Work order:
Please write out exactly the lines from the one with "Teclado Mecánico Cooler" through the end of the data below, both ends included, and omit any pictures.

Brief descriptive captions
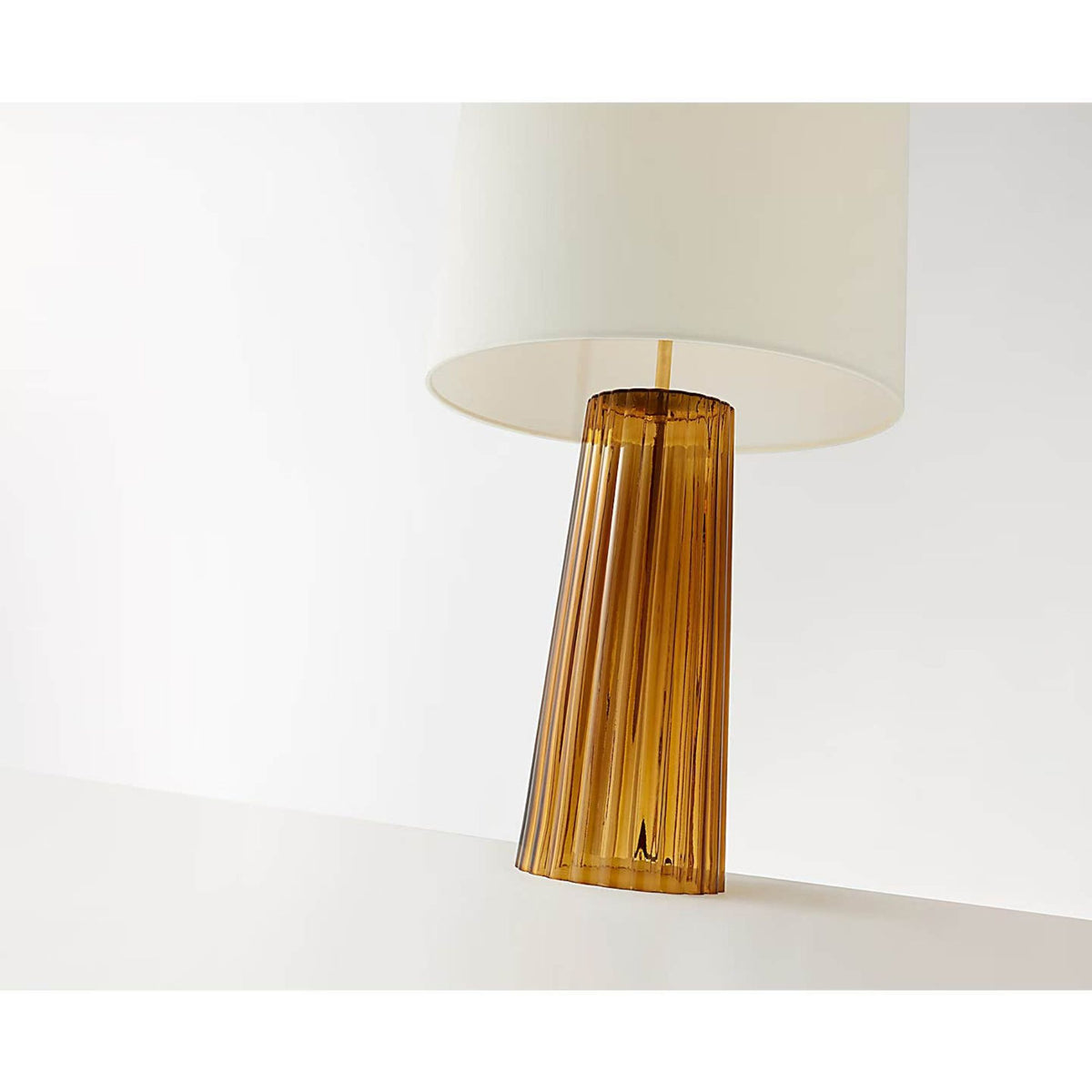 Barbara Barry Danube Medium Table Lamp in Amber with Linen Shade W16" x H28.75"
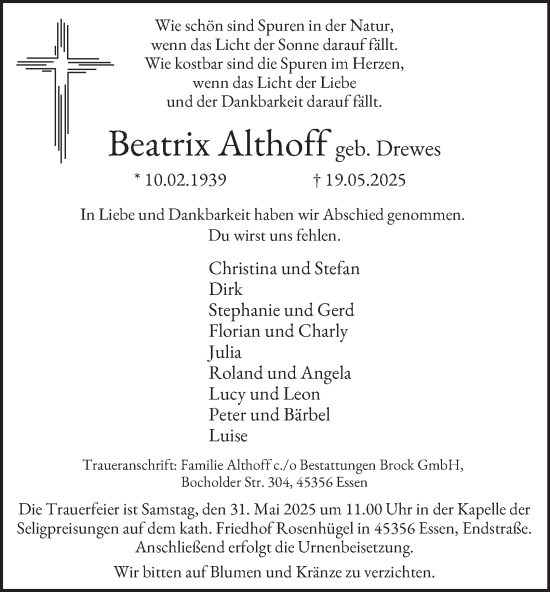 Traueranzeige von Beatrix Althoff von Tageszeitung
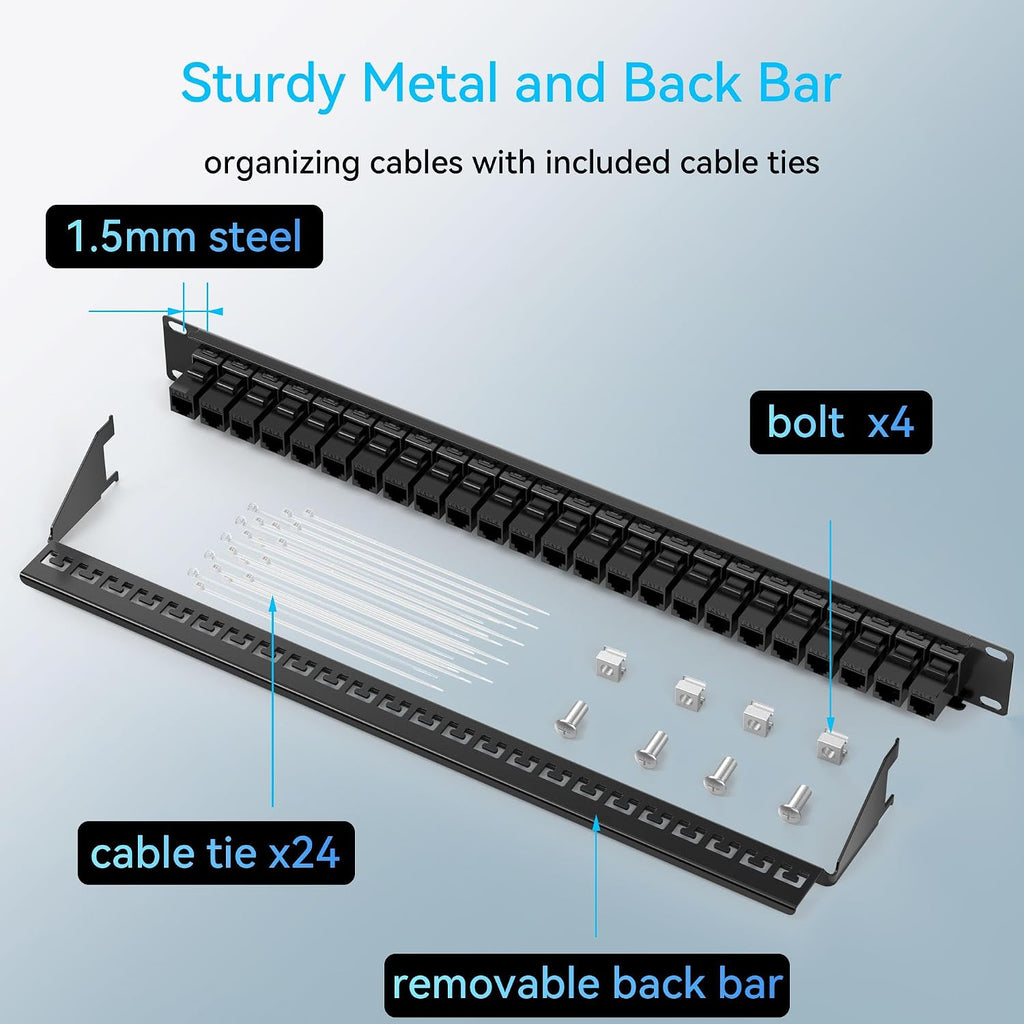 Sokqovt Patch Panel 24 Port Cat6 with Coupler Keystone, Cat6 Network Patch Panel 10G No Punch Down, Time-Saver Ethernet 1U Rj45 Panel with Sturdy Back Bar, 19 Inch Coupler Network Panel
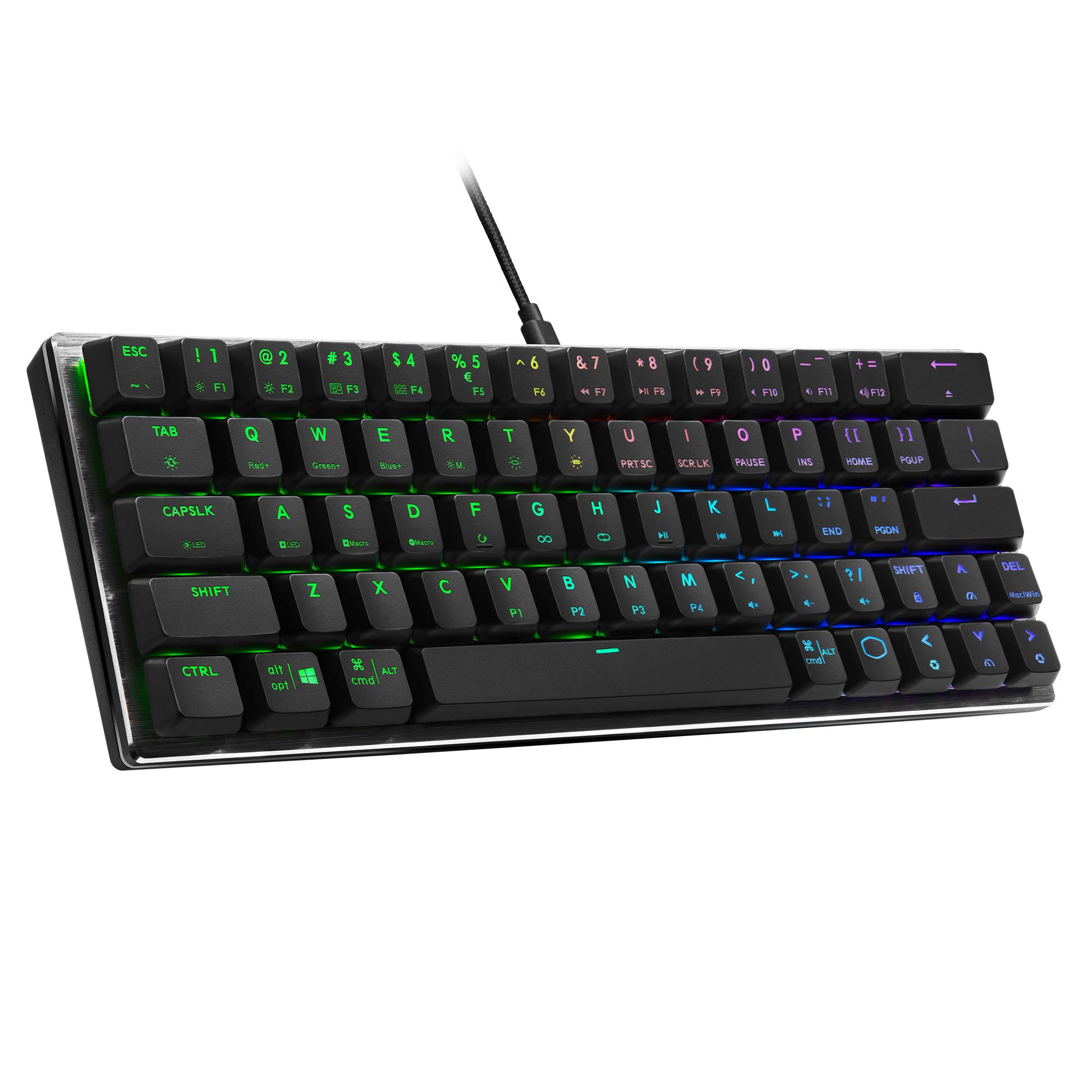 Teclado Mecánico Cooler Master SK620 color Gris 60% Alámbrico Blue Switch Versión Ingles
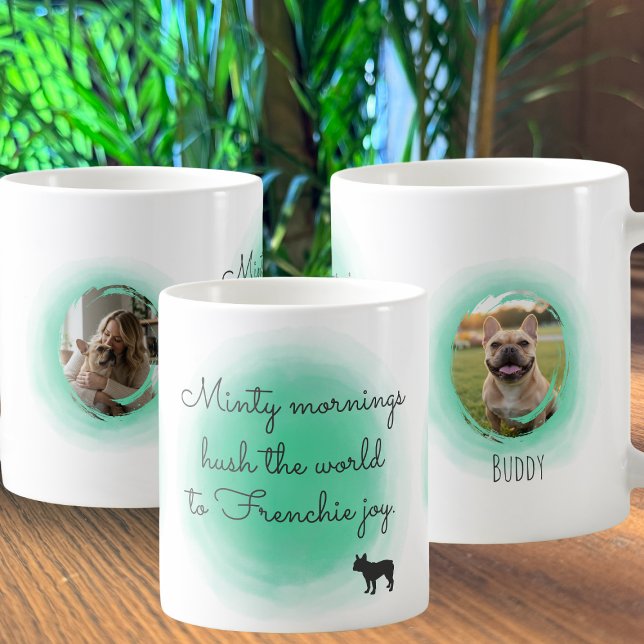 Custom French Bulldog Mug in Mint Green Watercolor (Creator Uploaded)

Exercise solution:
 Teclado Mecánico Cooler Master SK620 color Gris 60% Alámbrico Blue Switch Versión Ingles
 Custom French Bulldog Mug in Mint Green Watercolor (Creator Uploaded)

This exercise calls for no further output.